Seiring terus bertumbuhnya perekonomian Indonesia, pertumbuhan (YoY) jumlah kredit yang diberikan oleh perbankan pada sektor Industri setiap triwulannya terus meningkat, meskipun tingkat pertumbuhannya sempat turun di Triwulan I 2013 dan Triwulan II 2013 dimana tingkat pertumbuhan hanya mencapai 26,5 persen dan 24,9 persen. Pada September 2013, tingkat pertumbuhan jumlah kredit meningkat tajam ke 29,1 persen sehingga total kredit yang diberikan mencapai Rp.543 triliun yang posisi September 2012 hanya sebesar Rp.420 triliun. Share kredit sektor Industri ini terhadap total kredit sektor ekonomi setiap tahunnya memiliki tren yang terus meningkat.

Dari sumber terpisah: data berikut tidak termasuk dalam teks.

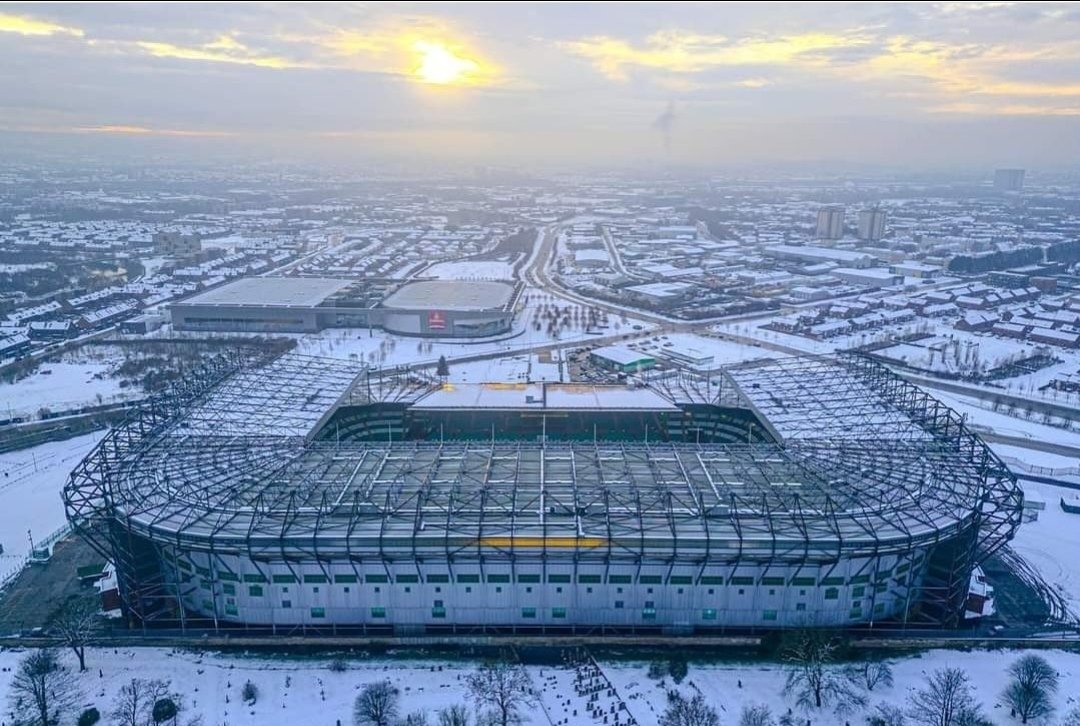 McLaughlin_1888's tweet photo. A monument that stands for a people and a cause in the east end of Glasgow.

Celtic Football Club. 🍀💚 https://t.co/cyMP0pcKYu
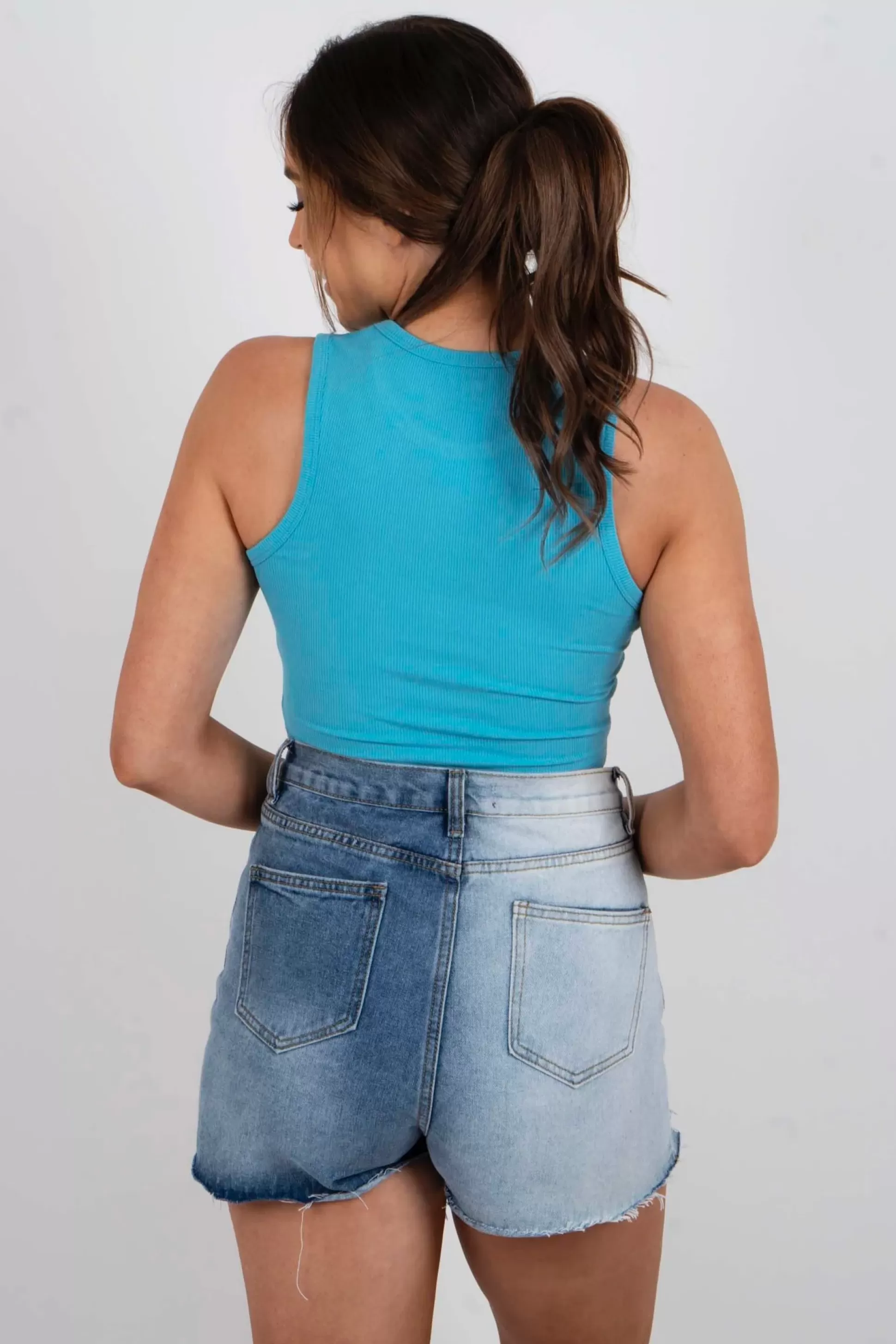 Blushing Brunette Jennifer Tank (Turquoise)>Women Sleeveless + Tanks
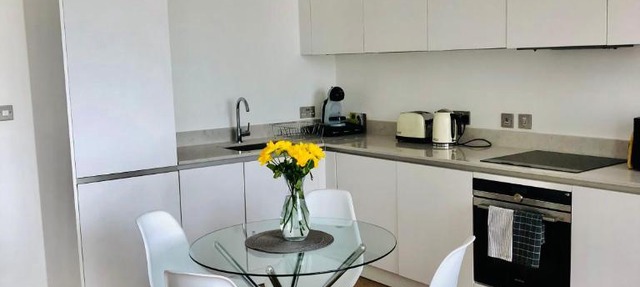 1 bedroom luxury apartment 20 min from centre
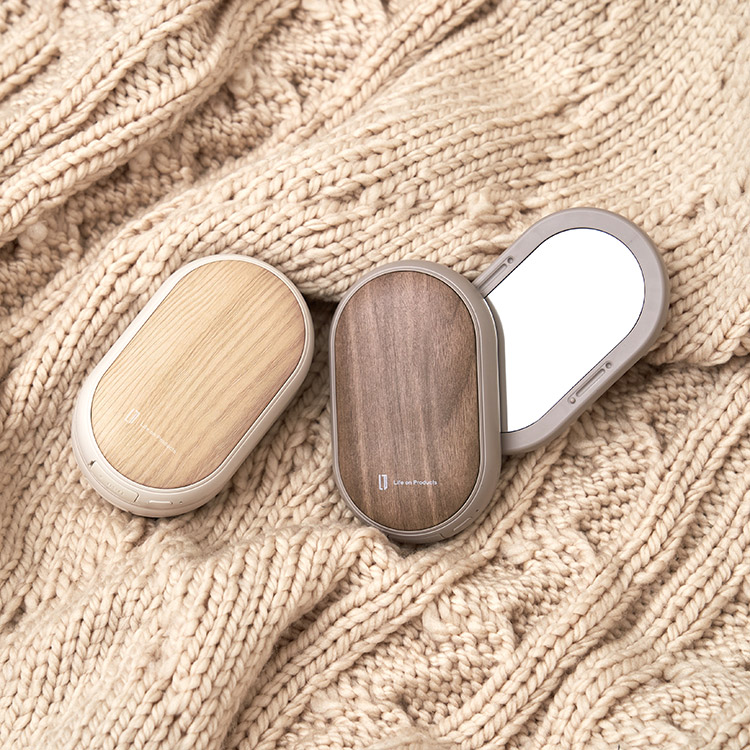 両手で使えるシェアカイロ モバイルバッテリー機能付 -Premium WOOD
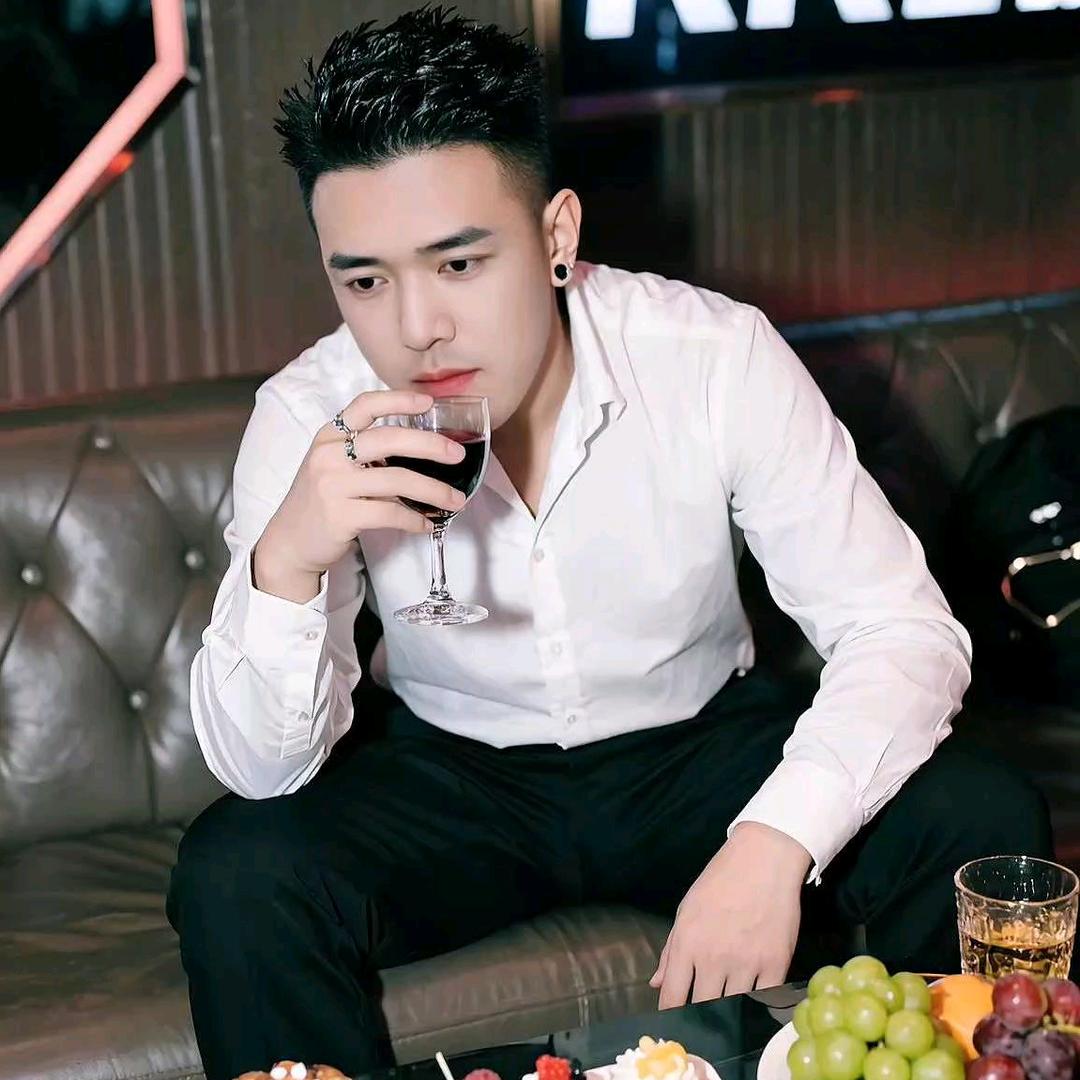 【苗郎@宏军】提笔写相思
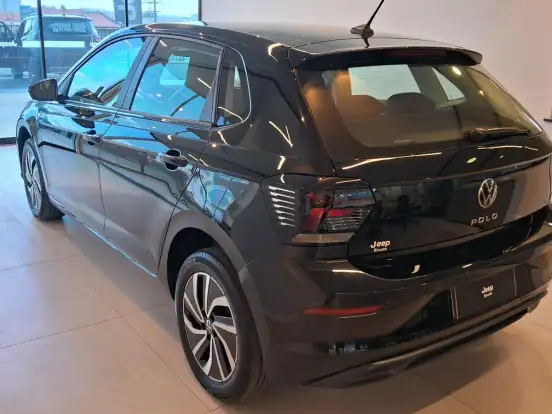 VOLKSWAGEN-POLO-1.0 170 TSI HIGHLINE AUTOMÁTICO VOLKSWAGEN-POLO-2023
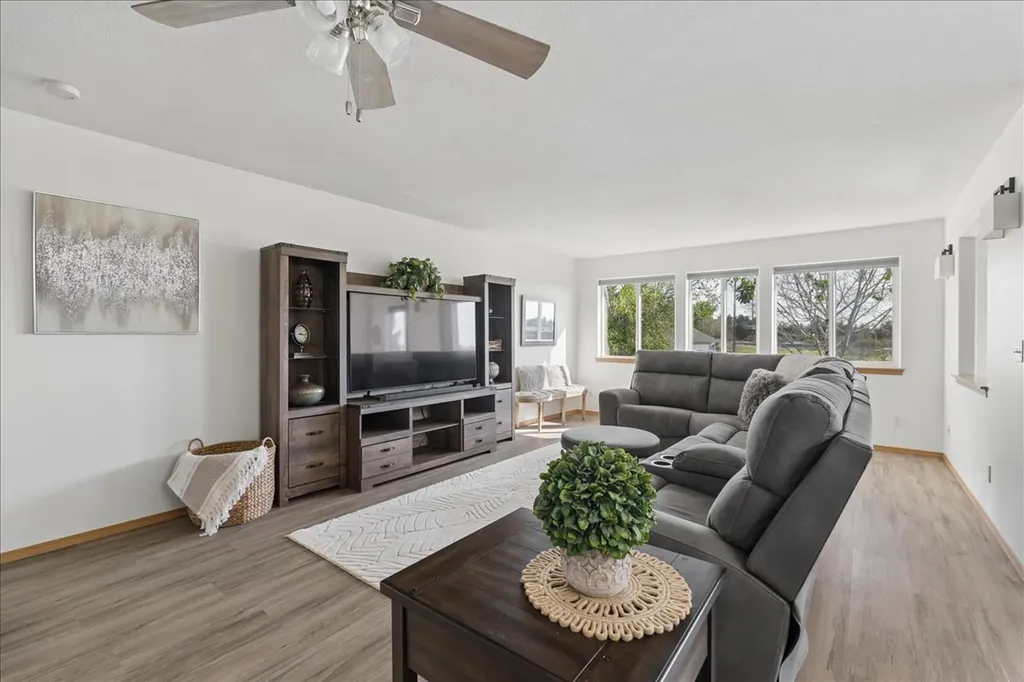 2709 Bitterroot Drive Great Falls MT 59404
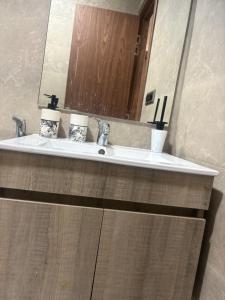 Appartement lux et grand Ibn Tachfine Casablanca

Disisi lain, rasio NPL kredit Sektor Industri secara nasional pada September 2013 sebesar 1,79 persen. Namun jika dilihat secara keseluruhan, maka rasio NPL kredit sektor Industri dari Triwulan III-2011 – Triwulan III-2013 menunjukkan tren menurun setelah rasio NPL kredit sektor Industri sempat lebih dari 4 persen di awal tahun 2011 akibat tekanan kondisi makroekonomi Domestik dan Global yang melanda dari tahun 2009.

Kesimpulan

Setidaknya ada dua cabang Industri yang perlu menjadi perhatian Pemerintah di tahun 2014, yaitu Industri Kayu dan Industri Produk Kertas dan Percetakan. Karena dua cabang Industri tersebut dari tahun 2008-September 2013 memiliki trend pertumbuhan yang menurun padahal dengan sumber daya alam yang dimiliki oleh Indonesia dan mampu dikelola dengan baik kedua Industri tersebut bisa menjadi competitive advantages yang dapat menopang pertumbuhan ekonomi yang berkelanjutan.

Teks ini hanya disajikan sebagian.